§ Aim of the exercise
Before copying, find the line below that contains "a sprained shoulder."; then return it and all later lines exactly, up to and including the final line, with no pictures.

§ Supplied material
________________________________________
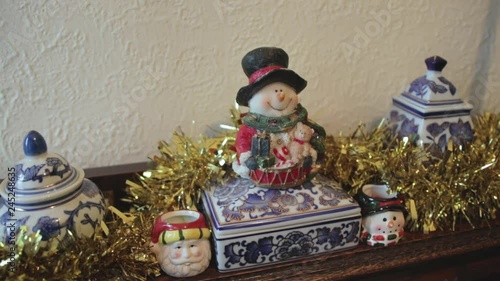 Shot moving around a snowman decoration during christmas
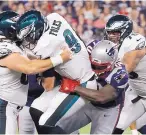  ?? MARY SCHWALM/ASSOCIATED PRESS ?? Eagles QB Nick Foles (9) is sacked by Adam Butler during their game Thursday night. Foles was sacked three times in the game and left with a sprained shoulder.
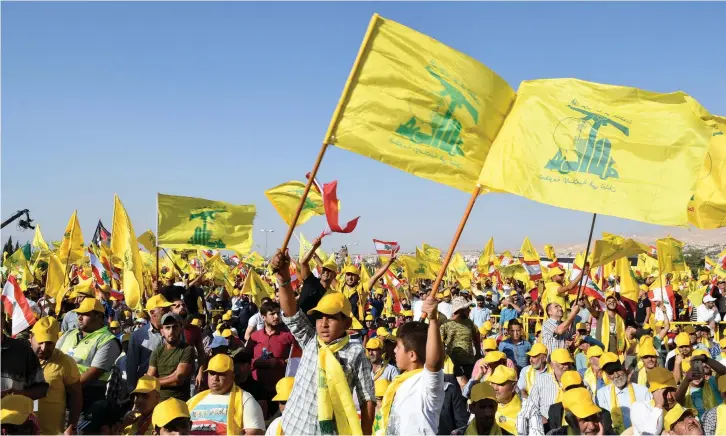  ?? (Reuters) ?? SUPPORTERS OF Hezbollah leader Sayyed Hassan Nasrallah display Hezbollah and Lebanese flags in Lebanon’s Bekaa valley.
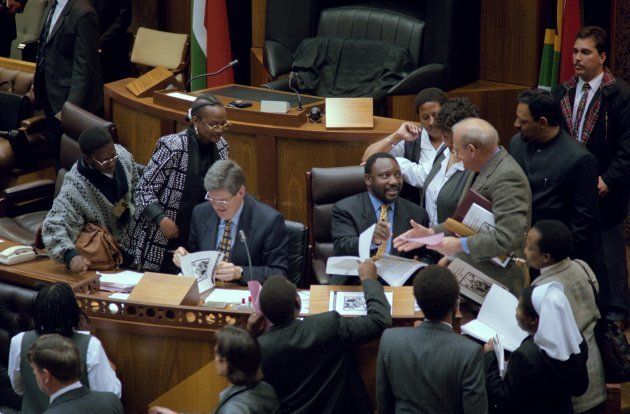 Cyril Ramaphosa (sitting R), chairperson of the Constitutional Assembly (CA), and Leon Wessels, deputy chairperson (L) and members of parliament sign copies of the amended Constitution in Parliament, on October 11, 1996, in Cape Town.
________________________________________
§ Response to this task
  ?? MARY SCHWALM/ASSOCIATED PRESS ?? Eagles QB Nick Foles (9) is sacked by Adam Butler during their game Thursday night. Foles was sacked three times in the game and left with a sprained shoulder.
  ?? (Reuters) ?? SUPPORTERS OF Hezbollah leader Sayyed Hassan Nasrallah display Hezbollah and Lebanese flags in Lebanon’s Bekaa valley.
 Cyril Ramaphosa (sitting R), chairperson of the Constitutional Assembly (CA), and Leon Wessels, deputy chairperson (L) and members of parliament sign copies of the amended Constitution in Parliament, on October 11, 1996, in Cape Town.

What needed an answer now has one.